John William Heard (July 3, 1938 – December 10, 2021) was an American bass player and artist. His recording credits include albums with Pharoah Sanders, George Duke, Oscar Peterson, Count Basie, Zoot Sims, Ahmad Jamal, Frank Morgan, George Cables. His professional jazz performance career lasted from the 1960s to the early 2010s, during which he also worked as a visual artist, producing drawings, paintings, and sculptures.

Background
He was born in Pittsburgh, Pennsylvania, United States.

He also played saxophone in his early years. He began playing bass at the age of 14. His professional career began in a band that included sax player Booker Ervin, drummer J.C. Moses, pianist Horace Parlan and trumpet player Tommy Turrentine. While in high school, he attended special classes at the Carnegie Museum of Art.

In 1958, he joined the United States Air Force and was sent to Germany. Because of his art experience he was given a job of designing posters for events. He also did some art teaching, teaching the wives of officers. He left the Air Force in 1961 and enrolled at the Art Institute of Pittsburgh. He returned to music and went to Buffalo and later to California.

On December 10, 2021, Heard died at the age of 83.

Art
In the 1980s, he had converted a North Hollywood garage into a studio and was spending much time there painting. He said that he was hanging out with Santa Monica-based sculptor Jim Casey, who was teaching him the way he wanted to learn. 18 months prior to his being interviewed for the article he had taken up sculpting.

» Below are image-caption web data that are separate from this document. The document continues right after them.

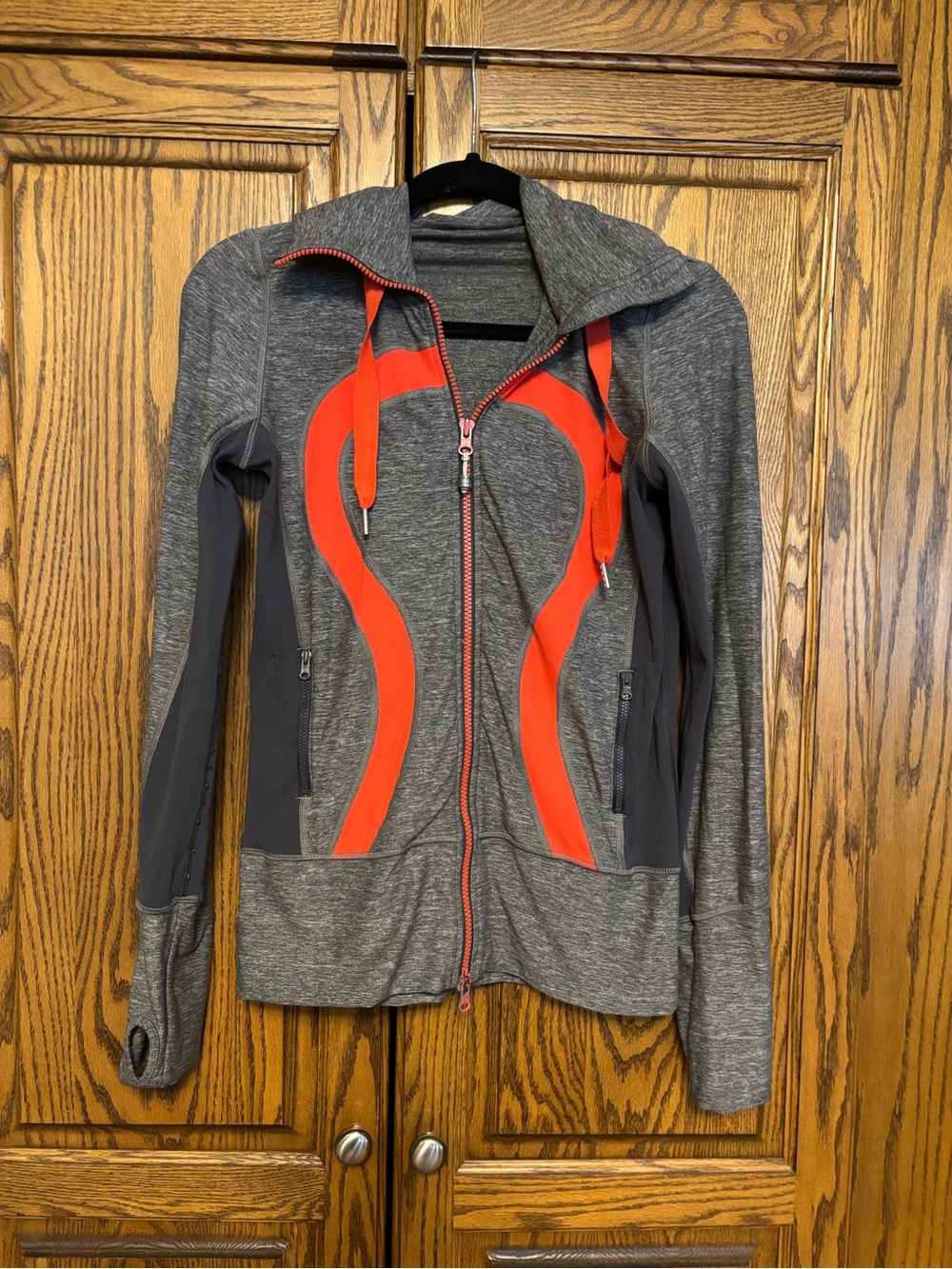 Lululemon size 4 Grey Bomber Jacket with orange Contrast Panels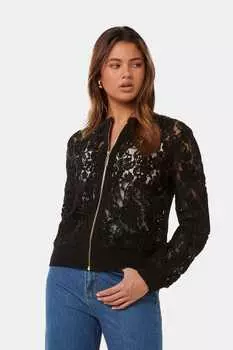 Вязаный жакет Riley с кружевом Forever New, черный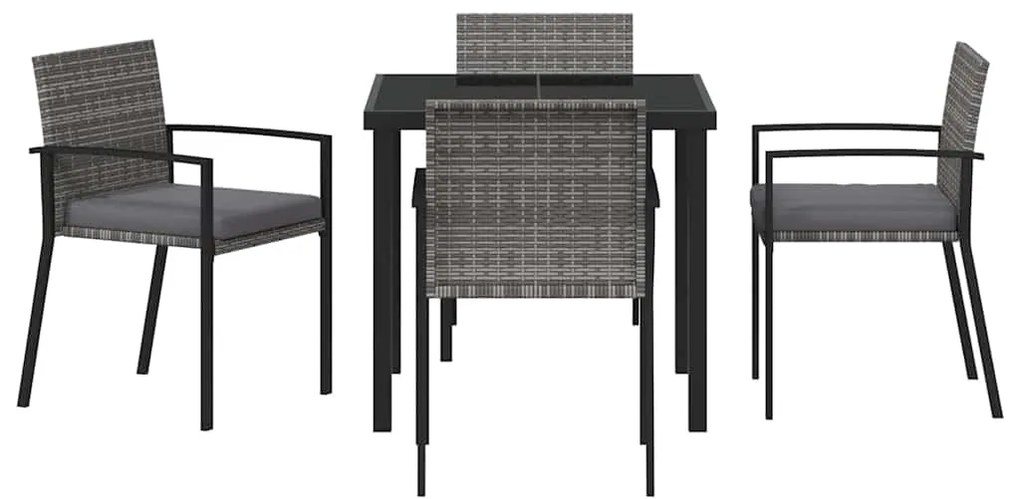 vidaXL Σέτ φαγητού για κήπο 5 pcs Γκρι Χάλυβας με επίστρωση πούδρας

His first one was a bust of Duke Ellington, then one of Billy Eckstine. At the time he was working on one of Louis Armstrong.

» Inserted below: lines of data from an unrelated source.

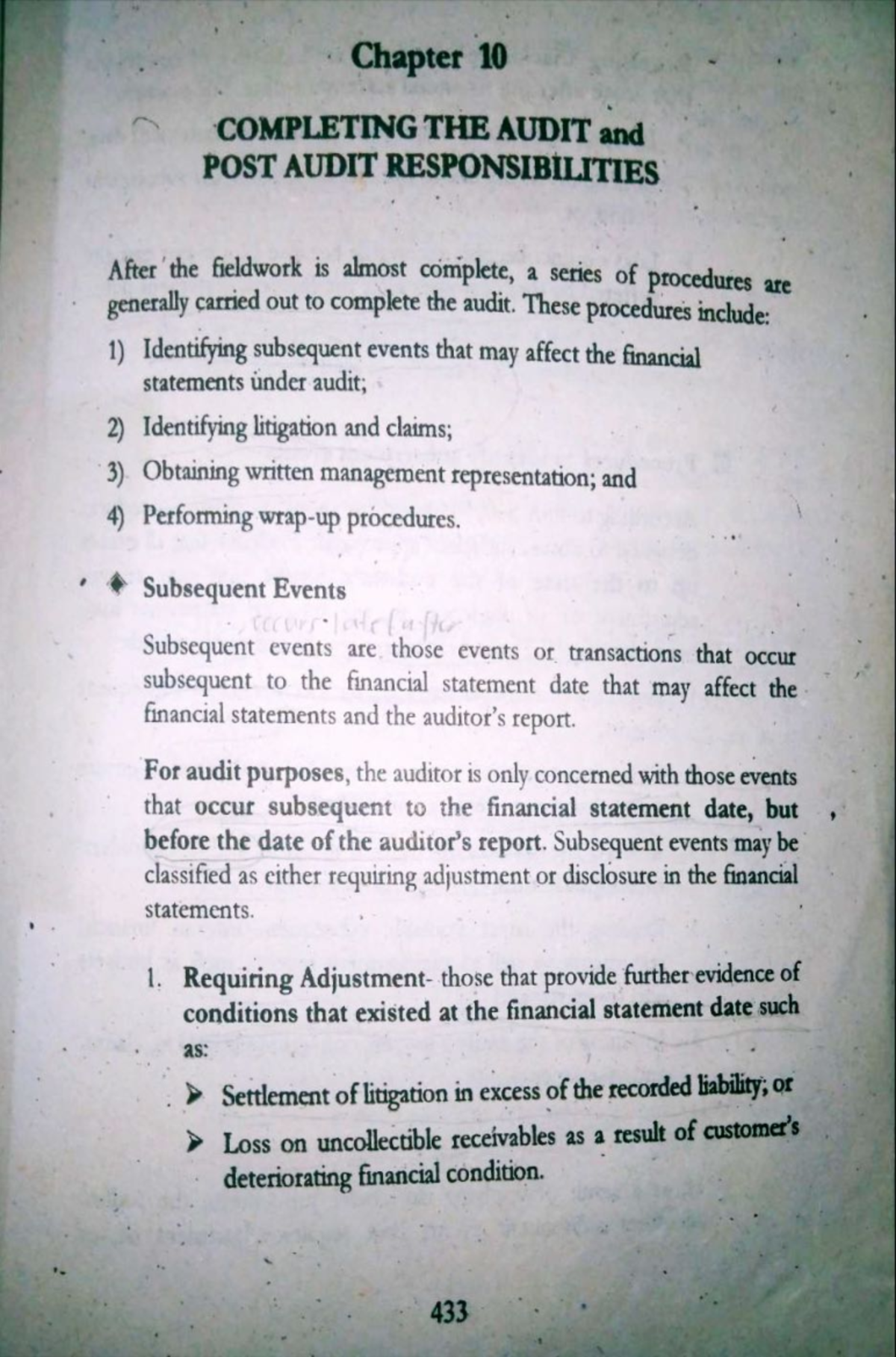 Audtheo CH10 - Completing the Audit & Post-Audit Responsibilities - Studocu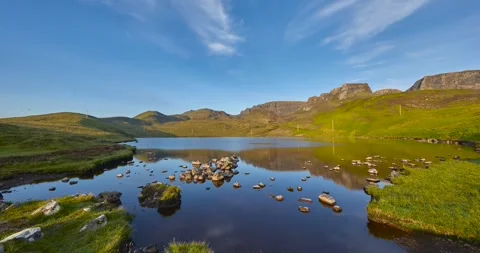 Time lapse sequence at Loch Vallerain, the Quiraing, Isle of Skye Stock Footage 264096674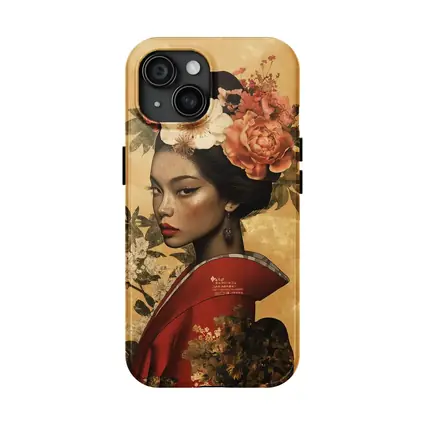 Japanese Woman Floral Crown Gold Background Art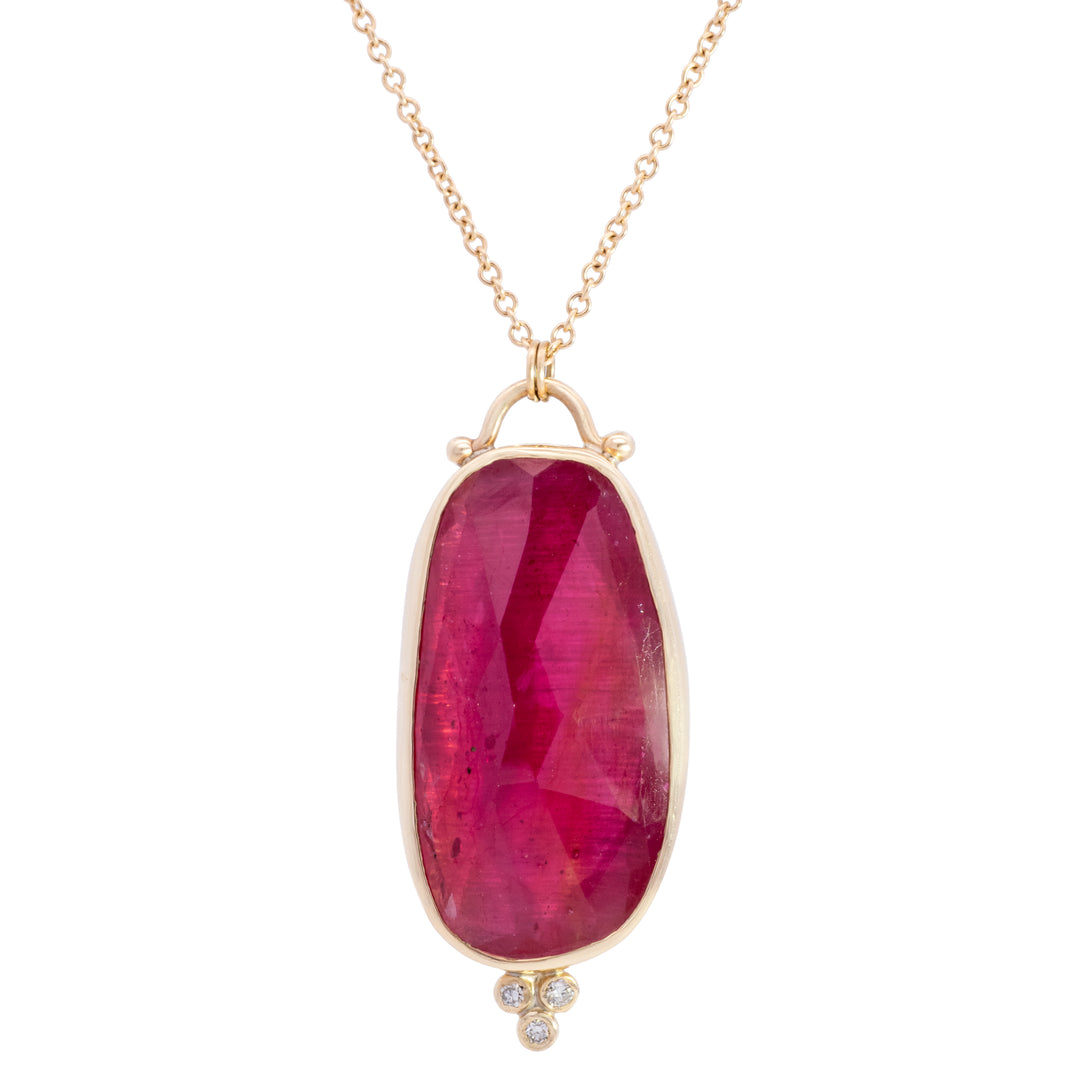 Ruby & Diamond Pendant Necklace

Examples of his work are held in the Oakland Museum of California. They include drawings of Bud Powell and Milt Jackson.

Musical career

1960s
Playing double-bass, he has worked with Tommy Turrentine and Al Jarreau from the mid to late 1960s. Also in the late 1960s he worked with Jean-Luc Ponty, Sonny Rollins and Wes Montgomery.

1970s
In the 1970s, he performed with Toshiko Akiyoshi, Count Basie, Louie Bellson, John Collins, Joe Henderson, Ahmad Jamal, Blue Mitchell and Oscar Peterson.

1980s
In the 1980s, he performed with Eddie "Lockjaw" Davis, Buddy Montgomery and Pharoah Sanders.

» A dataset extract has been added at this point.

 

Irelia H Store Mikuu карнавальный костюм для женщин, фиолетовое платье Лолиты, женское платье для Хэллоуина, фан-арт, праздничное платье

In 1981, he played bass on the Blue Balkan album by pianist Larry Vuckovich. Other musicians to play on the album were vibraphonist Bobby Hutcherson and drummer Eddie More. Heard also played with Vuckovich's band on their first "Club Date" show on PBS, which was picked up by at least 120 cities in the U.S. In addition to Heard and Vuckovitch, the band included Tom Harrell on trumpet, and Sherman Ferguson on drums. As an unexpected bonus, the group was joined by saxophonist Charles McPherson for their last piece. The show's producer Paul Marshall spotted him in the audience, and asked him if he had his saxophone which he did and asked him to join them.

In 1983, he joined Tom Ranier and Sherman Ferguson to create the group Heard, Ranier, Ferguson, which released an eponymous album on the ITI Records label in 1983. The album art included a lithograph of Count Basie that was drawn by John Heard. An article in Billboard'''s October 1983 issue, indicated that he was going to be used as a graphic artist for the label. He was to be marketed as both an artist and a musician.

In an article in the Los Angeles Times dated 31 May 1987, he said that he had always wanted to paint, and planned to leave music. Before his retirement he had managed to record with musicians such as Spanish pianist Tete Montoliu, Eddie "Lockjaw" Davis, Art Pepper, Clark Terry, Pharoah Sanders, Zoot Sims and Joe Williams.

1990s
After taking time out from music to do painting, he returned to the scene and played with, Benny Carter, Jamal and others.

2000s
In 2005, he had his album The Jazz Composer's Songbook released on Straight Ahead Records and produced by Stewart Levine and mastered by Bernie Grundman.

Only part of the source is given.